#### Input data:
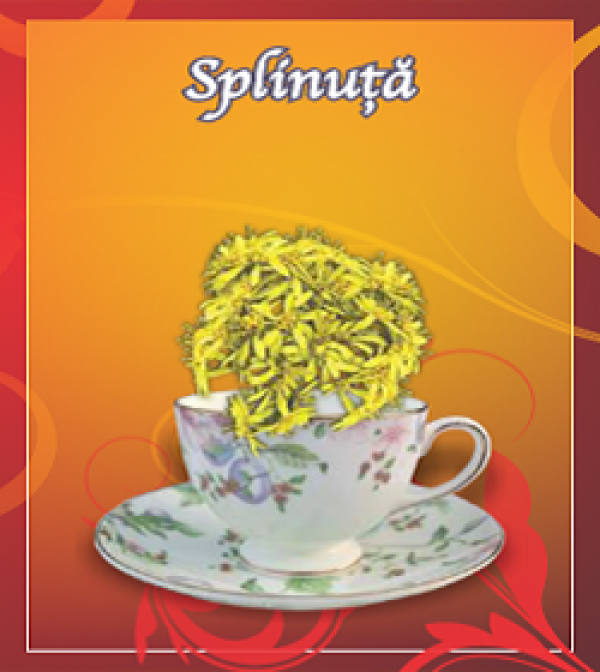 Ceai splinuta 50g - CYANI
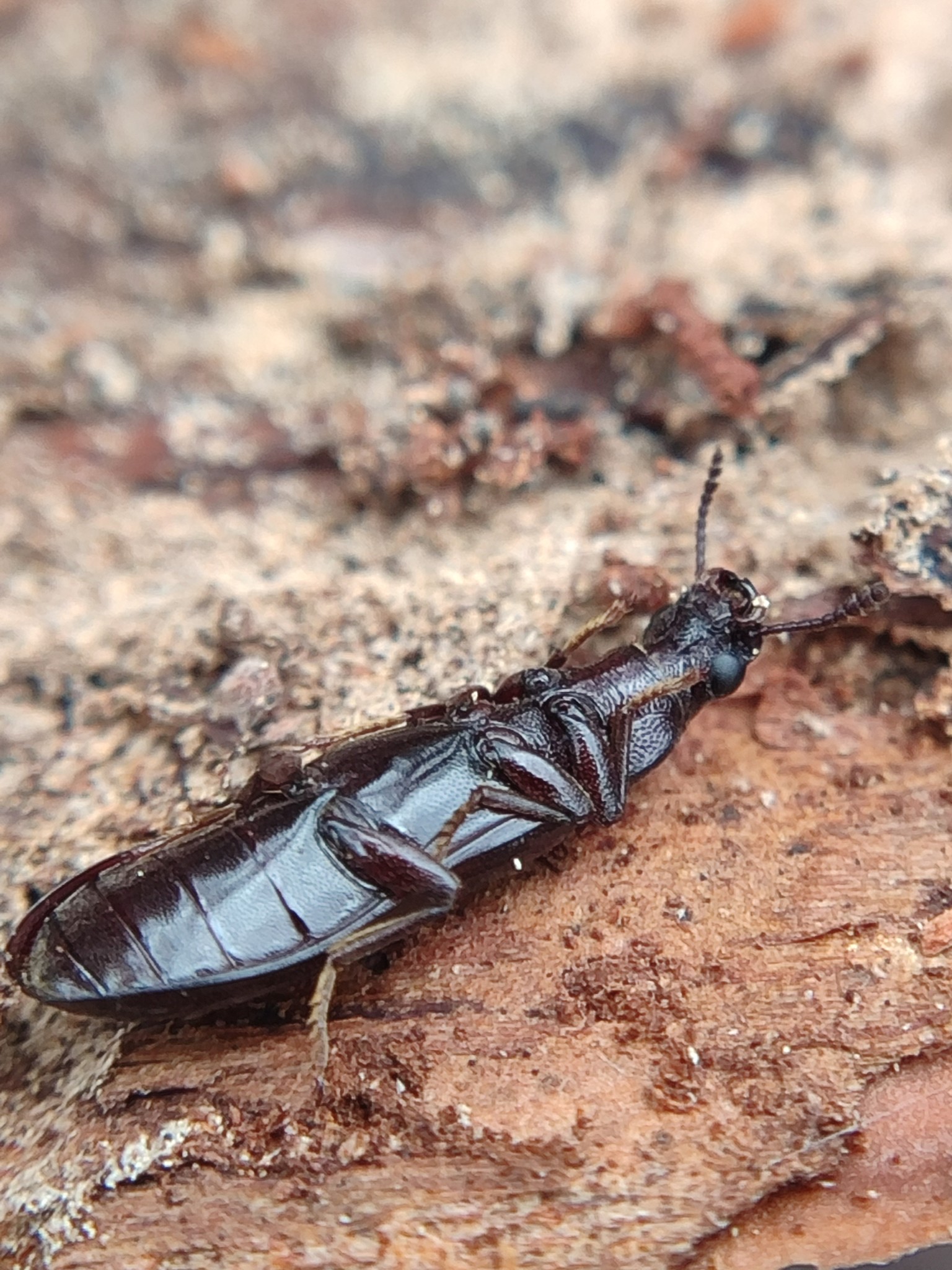 У Голосіївському парку виявили червонокнижного жука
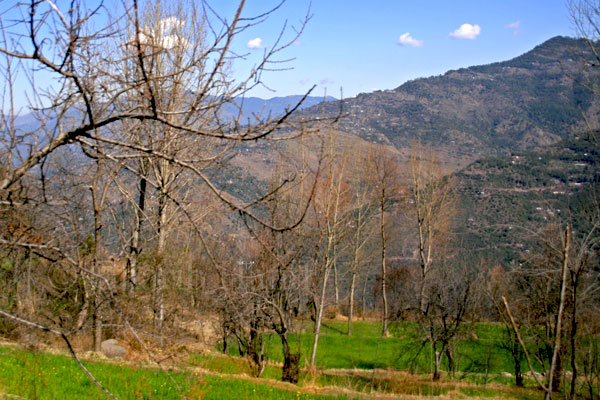 Field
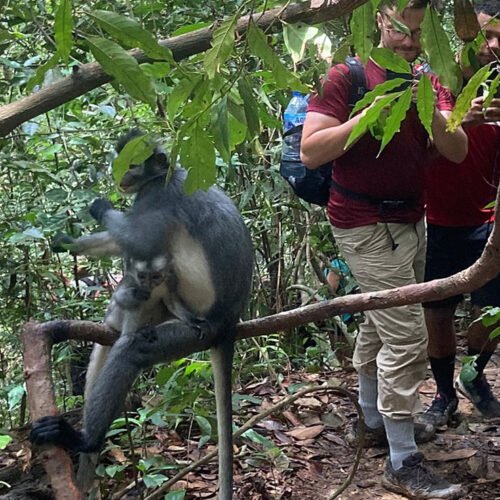 A Memorable Encounter with Orangutans: Medan Day Trip Highlight.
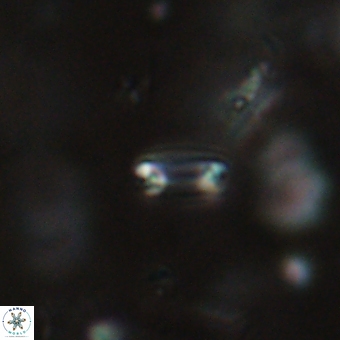 Tenebrolamina bramlettei 69327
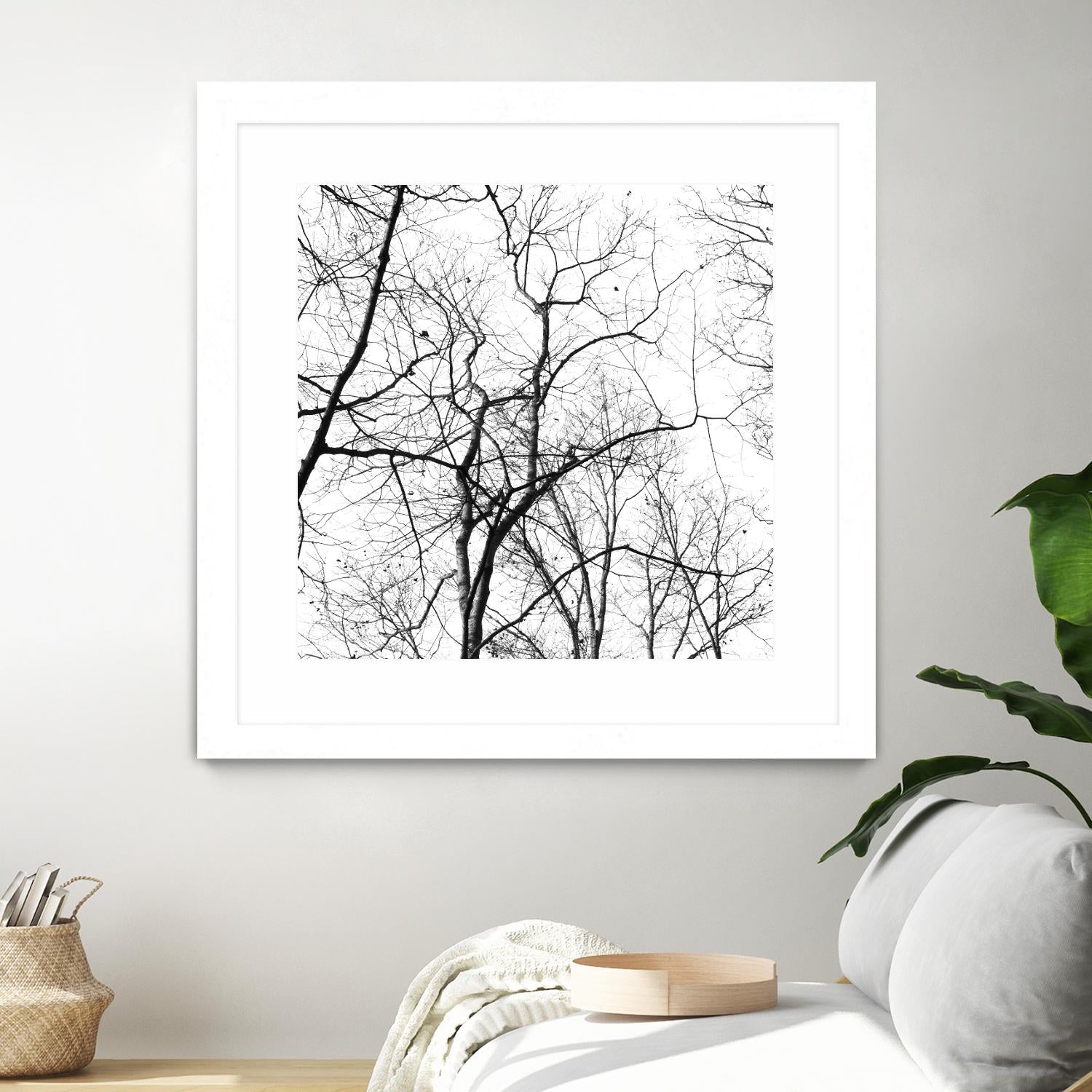 Billows I by Judy Stalus on GIANT ART - black trees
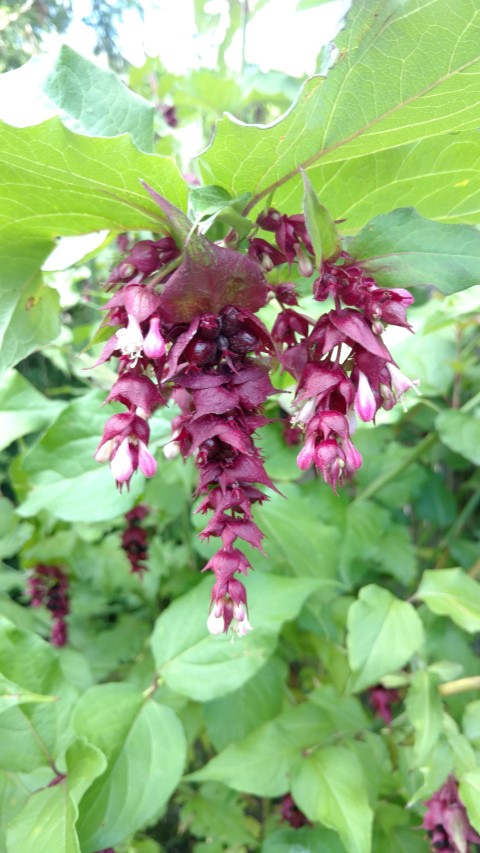Leycesteria formosa plantplacesimage20160813_172648.jpg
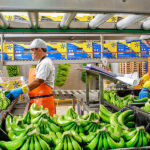 personal para envasado de fruta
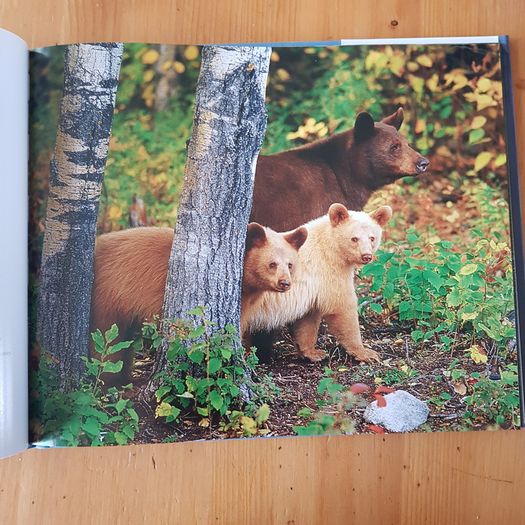 Photographic Book. Manitoba Seasons  In Beauty. Signed By The Author Robert R. Taylor. By R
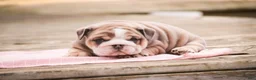 English Bulldog dogs for sale: Annaliese - Ad 5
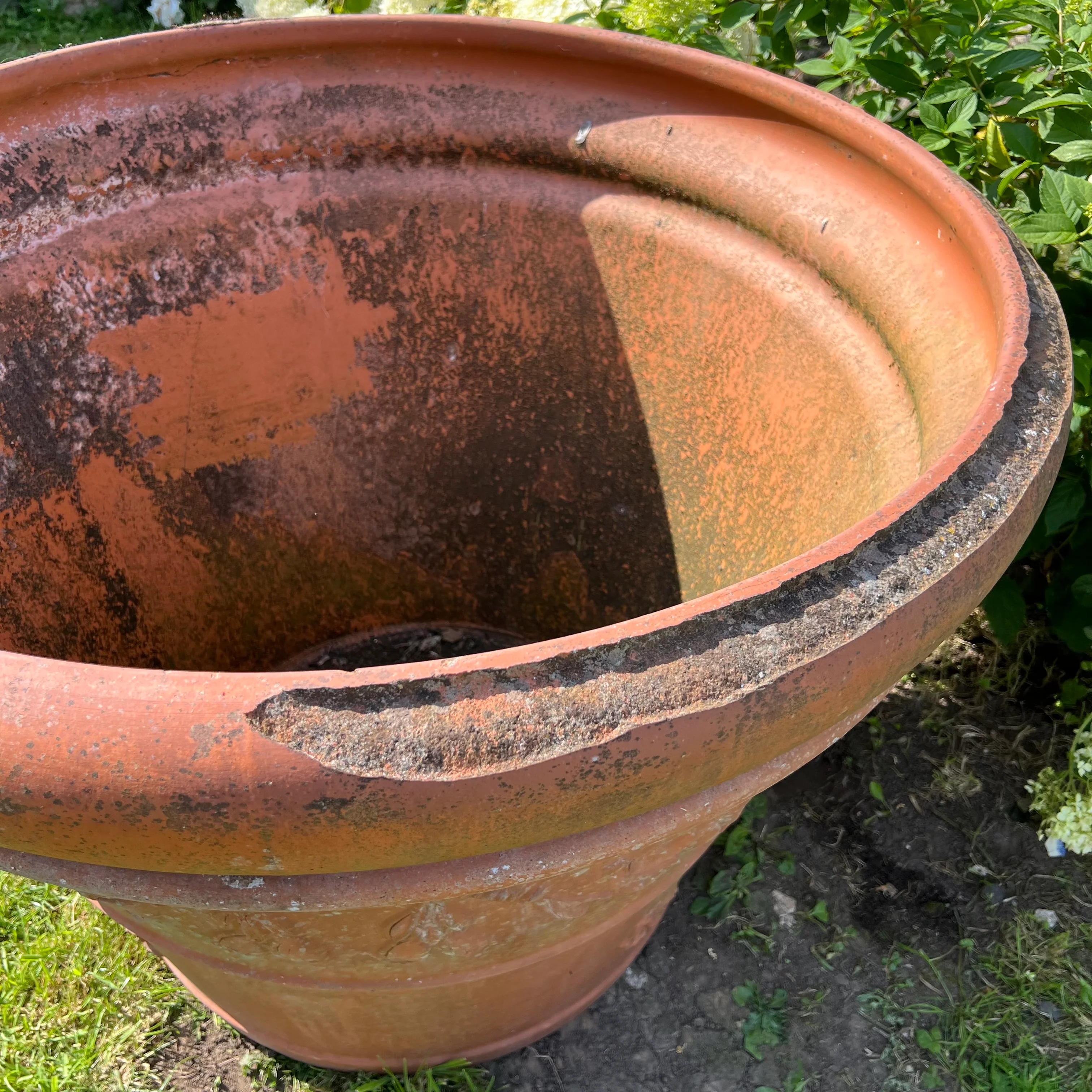 Huge Terracotta Planter - Image 13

#### Work task:
The lines from the one containing "Leycesteria formosa plantplacesimage20160813_172648.jpg" to the end of the material must be output exactly, both ends included; no picture may appear.

#### Your solution:
Leycesteria formosa plantplacesimage20160813_172648.jpg
 personal para envasado de fruta
 Photographic Book. Manitoba Seasons  In Beauty. Signed By The Author Robert R. Taylor. By R
 English Bulldog dogs for sale: Annaliese - Ad 5
 Huge Terracotta Planter - Image 13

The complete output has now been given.